Trend 2: Tipping point for resourcing models
Business partnering demands in the tax department are on the rise, but 93% of tax leaders say their department’s budget is remaining flat or falling. To ensure that the tax function can redefine itself as a strategic function at the pace that is required, leaders are choosing to move increasing amounts of compliance and reporting to a combination of shared service centers, finance departments, and outsourcing providers that have invested in best-in-class technology.
Trend 3: Digital tax administration is moving faster than expected
in addition to the rising focus of the corporate tax department partnering with their business counterparts, transformative changes to the way companies share tax information with revenue authorities is also creating an imperative to modernize operations at a faster pace. Nine in 10 (92%) respondents say that shifting revenue authority demands on digital tax administration will have a moderate or high impact on tax operations and resources over the next five years—and several heads of tax said the trend is moving faster than expected.
"It’s really stepped up in the last couple of years," says Anna Elphick, VP Tax, Unilever. "Tax authorities don't just want a faster turnaround for compliance but access into a company’s systems.

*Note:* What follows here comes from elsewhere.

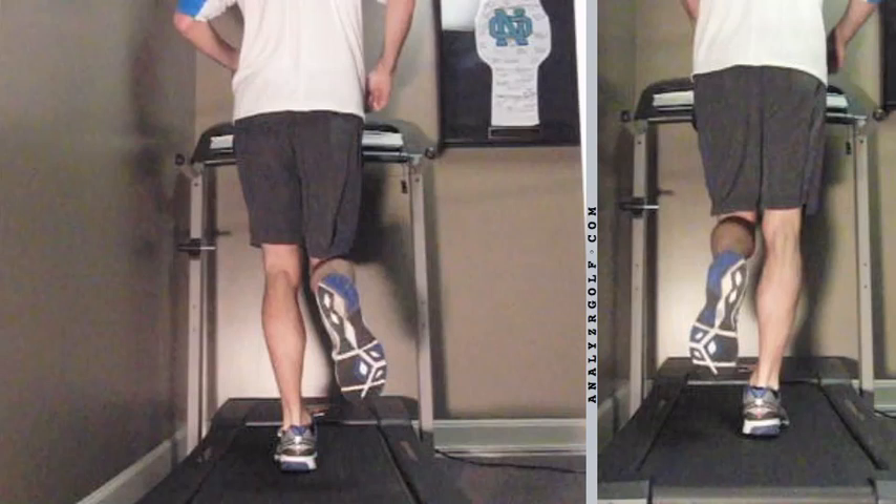My name is Kyle Bowling and I'm with Kentucky Sports Chiropractic. Here we're going to be doing another gait analysis and looking at what we're doing to correct any biomechanical deficiencies that we find.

It's not unreasonable to think that in a much shorter time than we expect, compliance will be about companies reviewing a return that's been drafted by the tax authorities."
Trend 4: Data simplification and lower-cost resourcing are top priorities
Tax leaders said that simplifying data management (53%) and moving to lower-cost resourcing models (51%) must be prioritized if tax is to become more proactive at delivering strategic insights to the business. Many tax teams are ensuring that they have a seat at the table as ERP systems are overhauled, which is paying dividends: 56% of those that have introduced NextGen ERP systems are now highly effective at supporting the business with scenario-modeling insights. Only 35% of those with moderate to low use of NextGen ERP systems said the same.

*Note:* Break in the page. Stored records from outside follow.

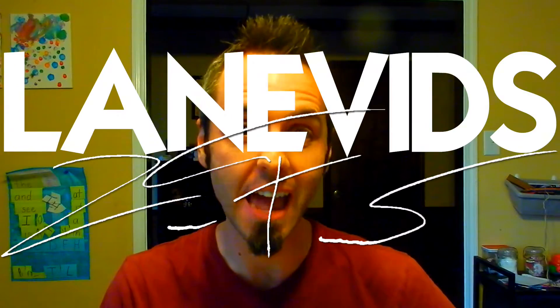Hey guys, what's going on? My name is Lane Fornerat aka LaneVids and this channel is all about building stronger family bonds together as a family through travel and fun videos, and I do product reviews as well.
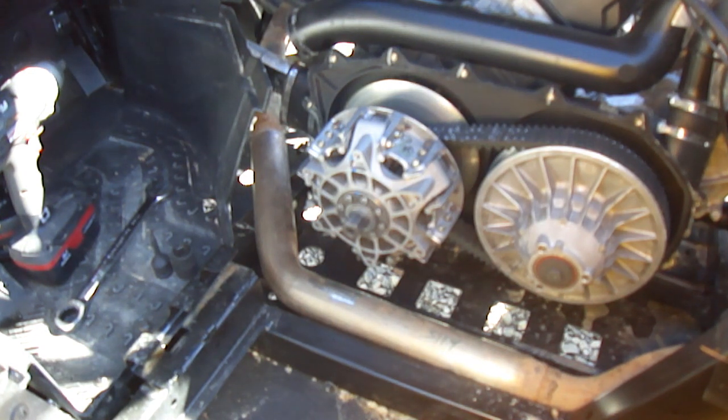Alright guys, here we've got a 2014 Maverick — one of the new ones. It's got the stud, the nut, and the set screw, which a lot of people are having problems getting off. Today I want to show you exactly what it takes to get them off.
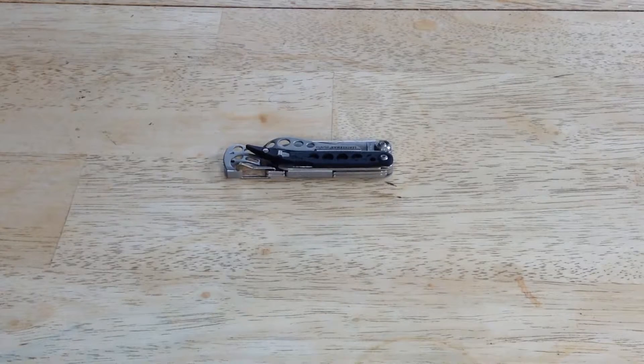Hey, what's going on guys? I got another knife review for you today. Today I'm going to be talking about my new favorite multi-tool, and that is the Leatherman Style CS.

At Stryker, “we automated the source P&L process for transfer pricing which took a huge burden off of the divisions," says David Furgason, Vice President Tax. "Then we created a transfer price database to deposit and retrieve data so we have limited impact on the divisions. We are moving to a single ERP platform which will help us make take the next step with robotics.”
Trend 5: Skillsets are shifting
Embedding a new data infrastructure and redesigning processes are critical for the future tax vision. Tax leaders are aligned — data skills (45%) and technology process experience (43%) are ‘must have’ skills in a tax department of the future, but more traditional tax specialist knowledge also remains key (40%). The trick to success will be in tax leaders facilitating the way these professionals, with their different backgrounds, can work together collectively to unlock lasting value.

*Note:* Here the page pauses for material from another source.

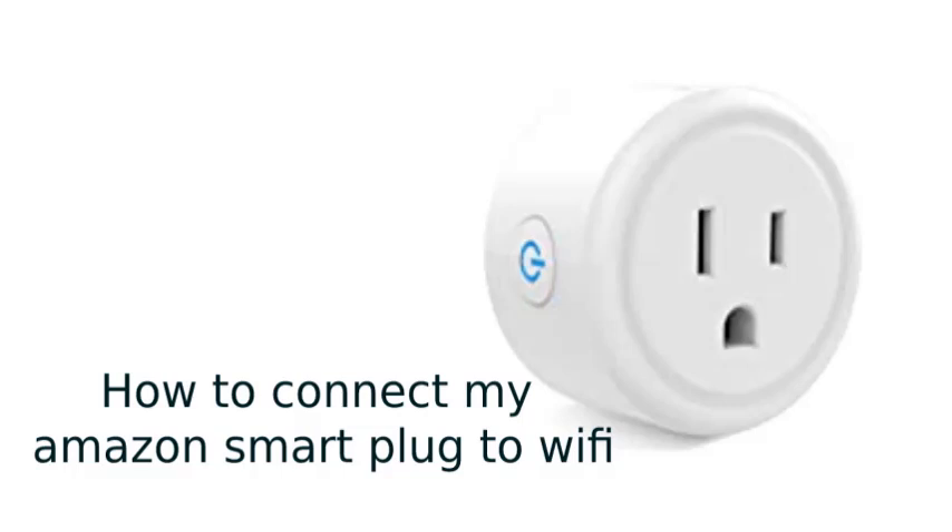Your Amazon Smart Plug will connect to Wi-Fi automatically if you select the Wi-Fi simple setup option at the time of purchase and have previously stored your Wi-Fi details with Alexa. If it does not, the initial setup process will work with connecting your Amazon Smart Plug to Wi-Fi. If you move your Smart Plug to a new location with a different Wi-Fi network or change your Wi-Fi network for any reason, you can manually connect it to a new network.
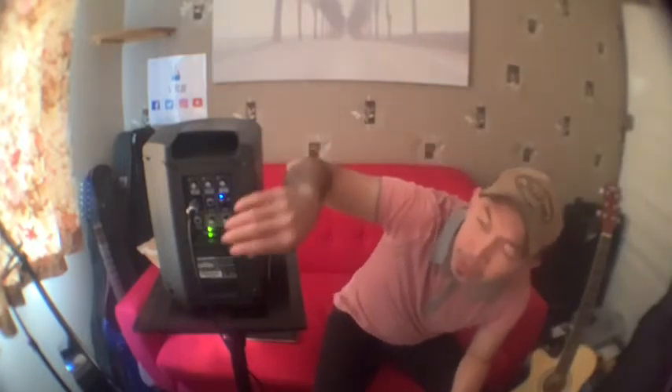I didn't manage to finish the video because there were lots of things happening. One was I used the line out — I don't know if you can see it, there's a line out on this one — and connected it to my mixer, which is connected to the phone.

Take Infineon Technologies, which formed a VAT technology and governance group "that has the right knowledge about how to change the system to ensure it generates the right reports", according to Matthias Schubert, Global Head of Tax. "Involving them early was key as we took a greenfield approach, so we could think about what the optimal processes would look like and how more intelligent systems could make an impact
Trend 6: 2020 brought productivity improvements
Improved productivity (50%) and accelerating shifts to remote working (48%) were cited as the biggest operational benefits to emerge from COVID-19-driven disruption. But, as 78% of leaders now plan to embed either hybrid or fully remote models in the tax function long term, 34% say maintaining productivity benefits is a top concern. And, as leaders think about building their talent pipeline and strengthening advisory skill sets, 47% say they must prioritize new approaches to talent recognition and career development over the next two years, while 36% say new processes for involving tax in business strategy decisions must be established.